Tuesday Colloquium, 14.06.2016
Justices in Conference: Cultures of Deliberation in Constitutional Courts
Constitutional Courts (in the broader sense, including Supreme Courts with the power to review legislation) differ in the way they produce judgments. In the US Supreme Court, for example, judges take very little time for discussion in conference, and writing decisions is not much of a collaborative enterprise. In the German Constitutional Court, by contrast, judges deliberate extensively and produce their decisions in a collaborative effort, with extensive text redaction in conference.
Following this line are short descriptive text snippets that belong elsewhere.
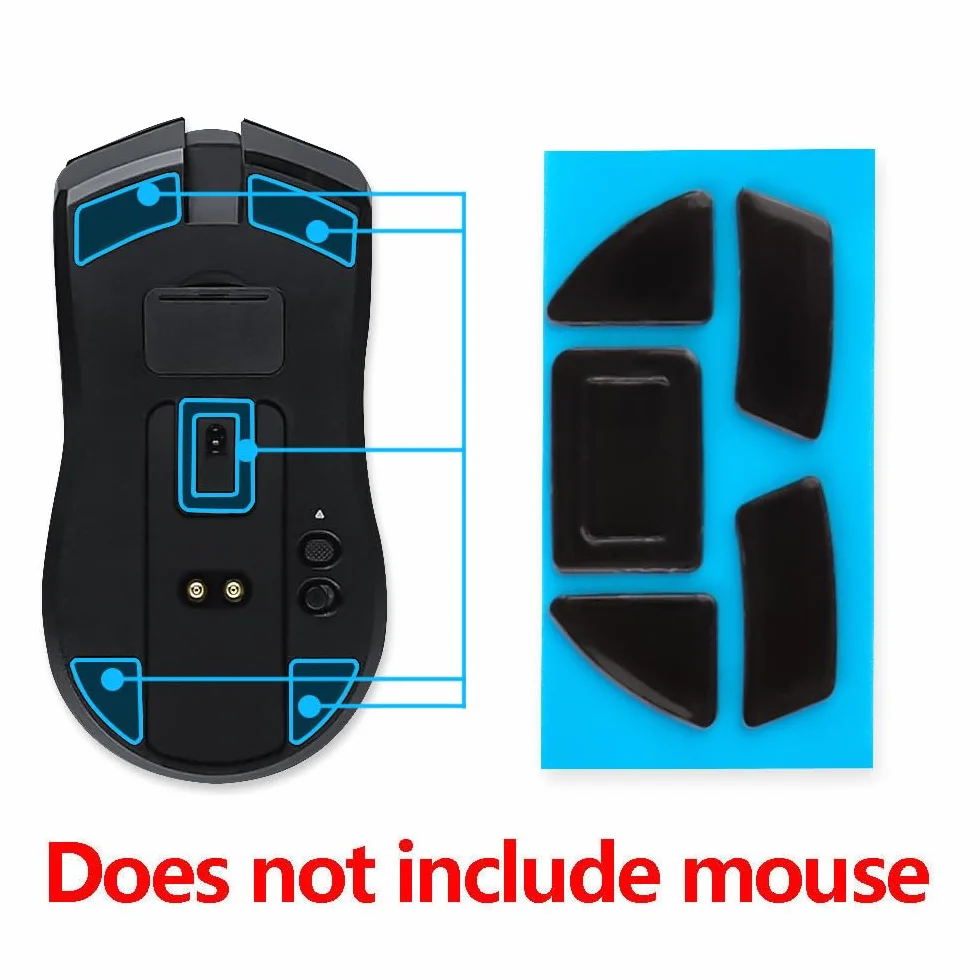 2 zestawy podkładek pod nóżkę myszy łyżwy kompatybilne z myszą Razer Viper Ultimate (do Razer Viper Wireless)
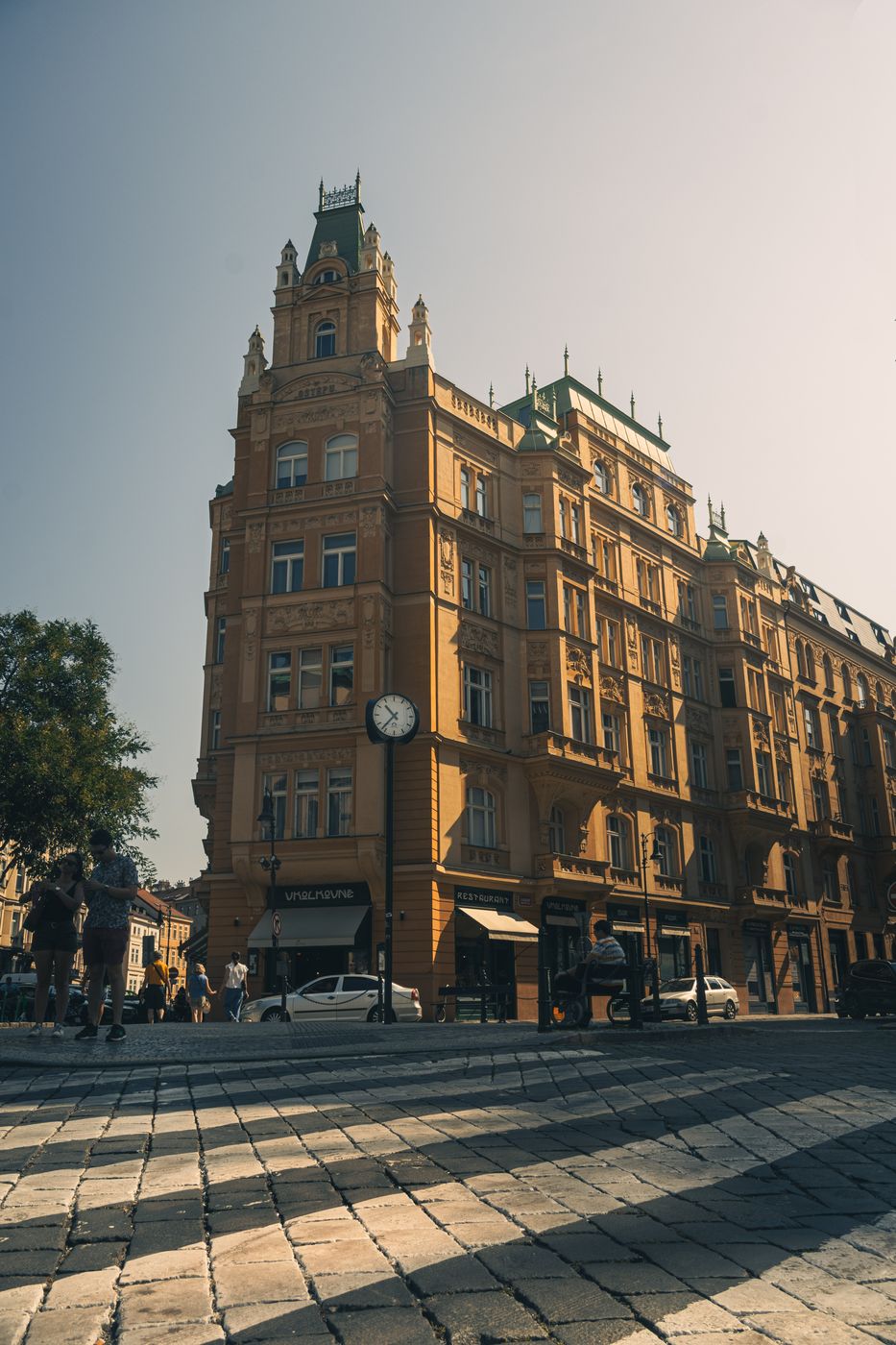 Building in Spanish Synagogue Square, Czech Republic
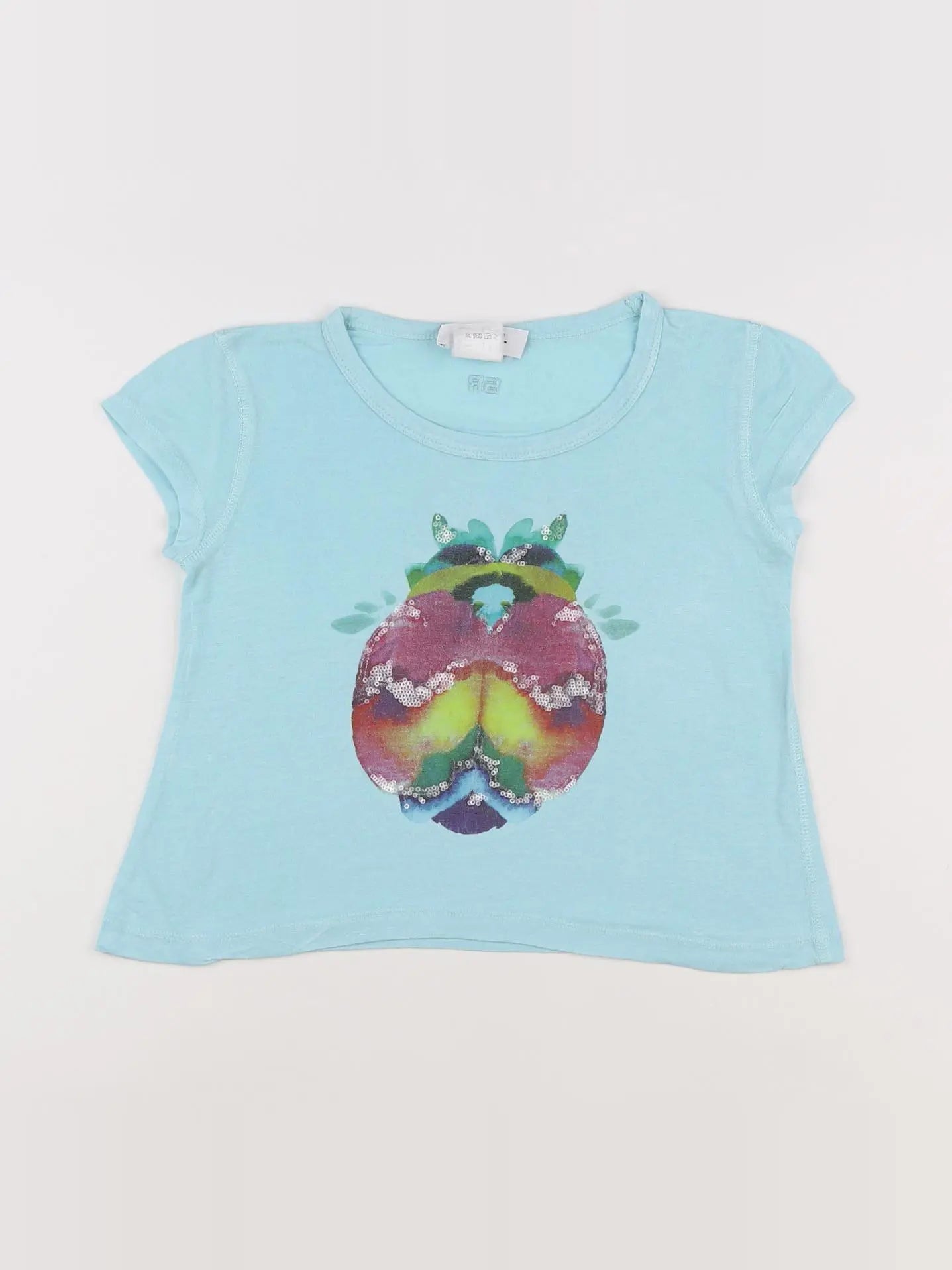 Sonia Rykiel - tee-shirt bleu - 6 ans
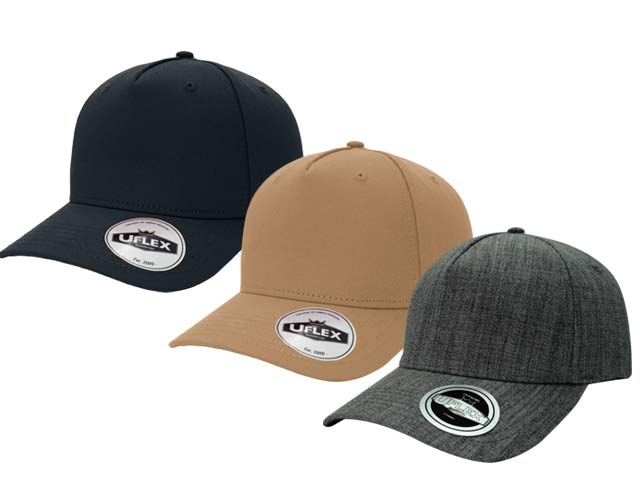 5 Panel Curved Peak Snapback Cap - Image 2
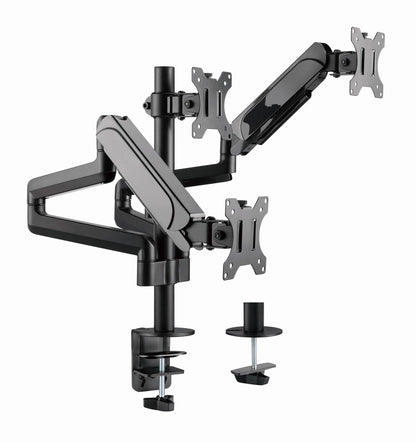 Gembird MA-DA3-01 monitor mount / stand 68.6 cm (27") Desk Black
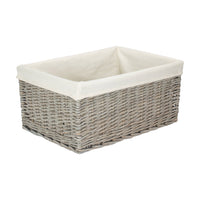 Jumbo Grey Wash Storage Basket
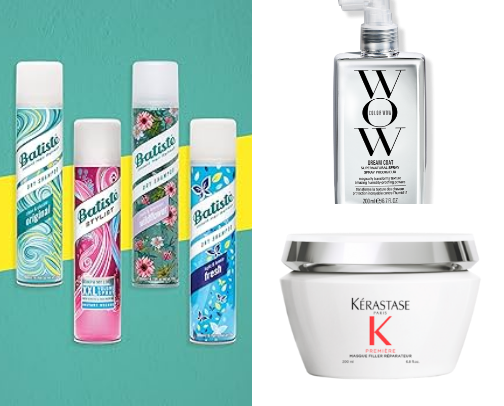 Hair Products for Long, Color-Treated Hair cover photo collage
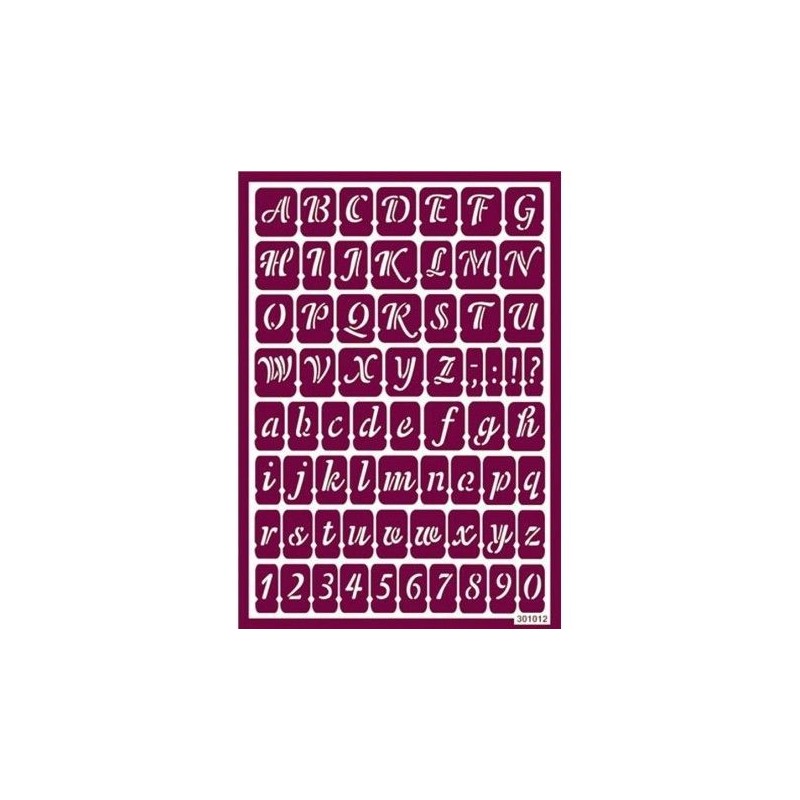 Plantilla de estarcido para ácido. Abecedario 10 | L'aura Bella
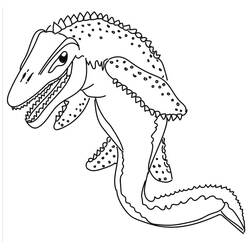 Coloring pages: Mosasaurus - Free Printable Coloring Pages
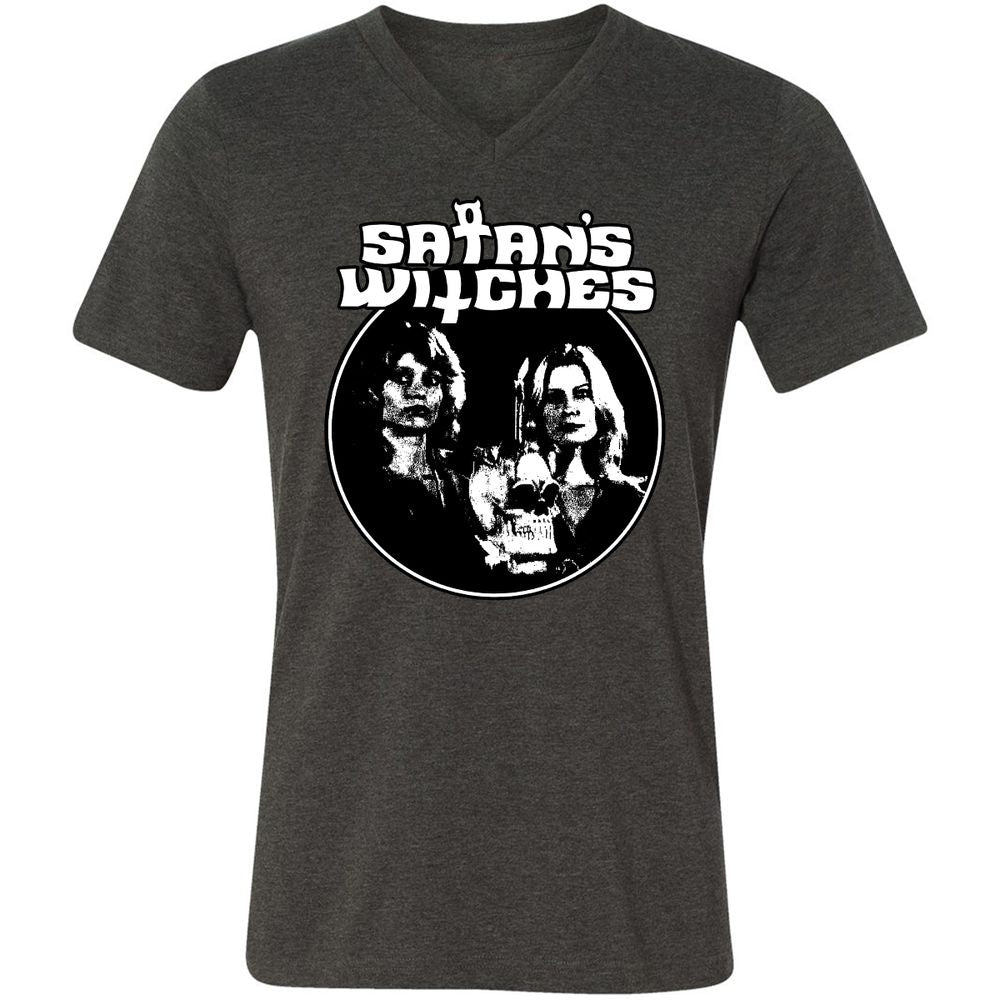 Unisex V-Neck T-Shirt - ZT5M5KW8 - Dark Grey Heather - 8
How do such differences come about, and what are their effects on the resulting decisions? Does deliberation matter? Are some courts more polarized (and their decisions more polarizing) than others because they don´t deliberate extensively, or are they non-deliberative as a consequence of polarization? Is deliberation associated with a search for consensus, and vice versa? Should judges, and constitutional judges in particular, aim at consensus, or should they rather voice their own opinions with a maximum of clarity and consistency, undistorted by compromise? Is compromise a political category that has no place in the making of judicial decisions? And how do institutional frameworks concerning the recruitment and status of judges, the transparency or intransparency of deliberations, voting, permission to publish separate opinions, etc., contribute to a culture of deliberation that is likely to activate the rationalizing potential of deliberation? My talk will be a report from work in progress on these questions.